**Directions**
The first line of the listing opens the range and the line with "onsemi NCN26010XMNEVB評価ボード" closes it; repeat those lines and all between them word for word, leaving out the pictures.
· · · · · · ·
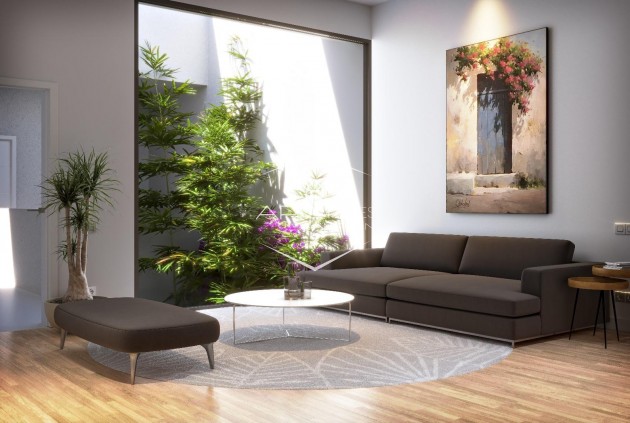 New Build - Apartment - flat -
San Juan de Alicante - Nou Nazareth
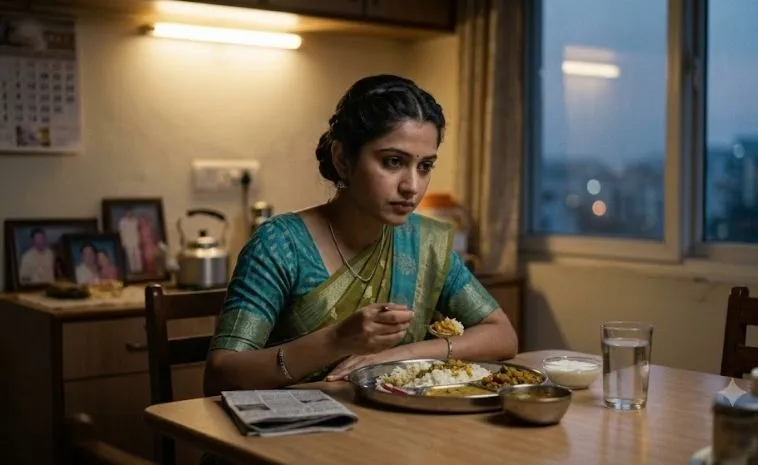 Always eating alone?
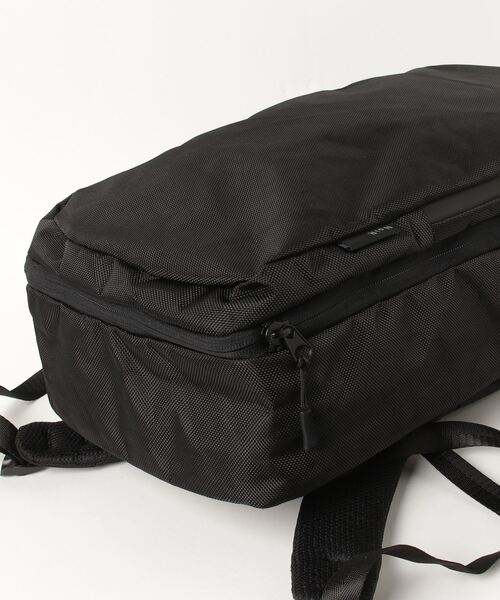 NoiR/ノアール（ノアール）の「NoiR ノアールTransistor backpack/トランジスタ バックパック（バックパック/リュック・メンズ・ブラック系その他/ブラック・FREE）」の4枚目の写真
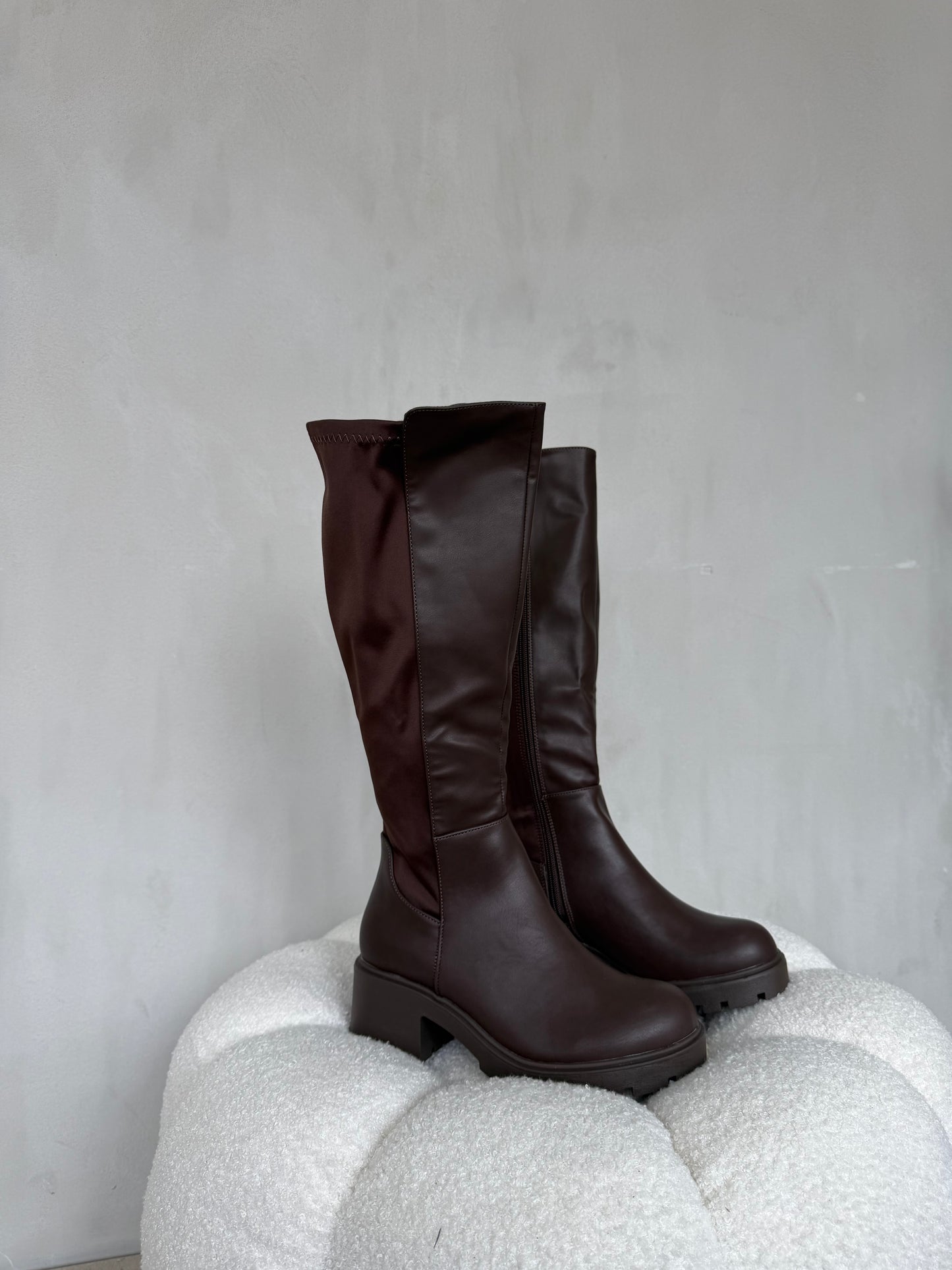 Botas 14942 GP15495 COFFEE
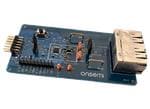 onsemi NCN26010XMNEVB評価ボード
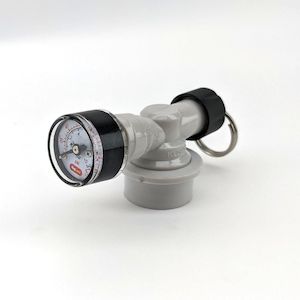 Fermzilla All Rounders: Ball Lock Connector Spunding Valve G2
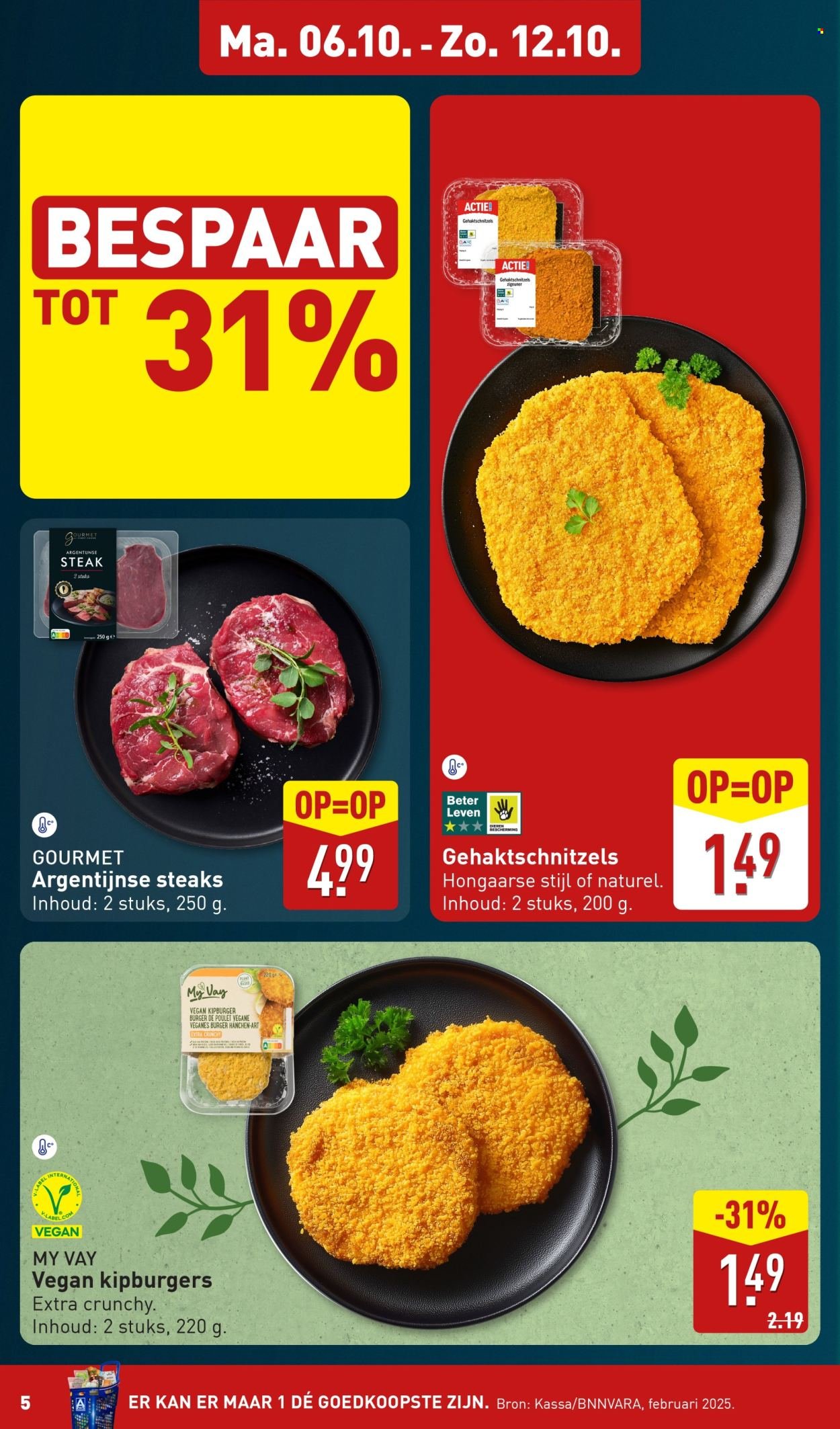 ALDI folder - Van maandag 6 oktober 2025 (2025-10-06 - 2025-10-12)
· · · · · · ·
**Result of this task**
 New Build - Apartment - flat -
San Juan de Alicante - Nou Nazareth
 Always eating alone?
 NoiR/ノアール（ノアール）の「NoiR ノアールTransistor backpack/トランジスタ バックパック（バックパック/リュック・メンズ・ブラック系その他/ブラック・FREE）」の4枚目の写真
 Botas 14942 GP15495 COFFEE
 onsemi NCN26010XMNEVB評価ボード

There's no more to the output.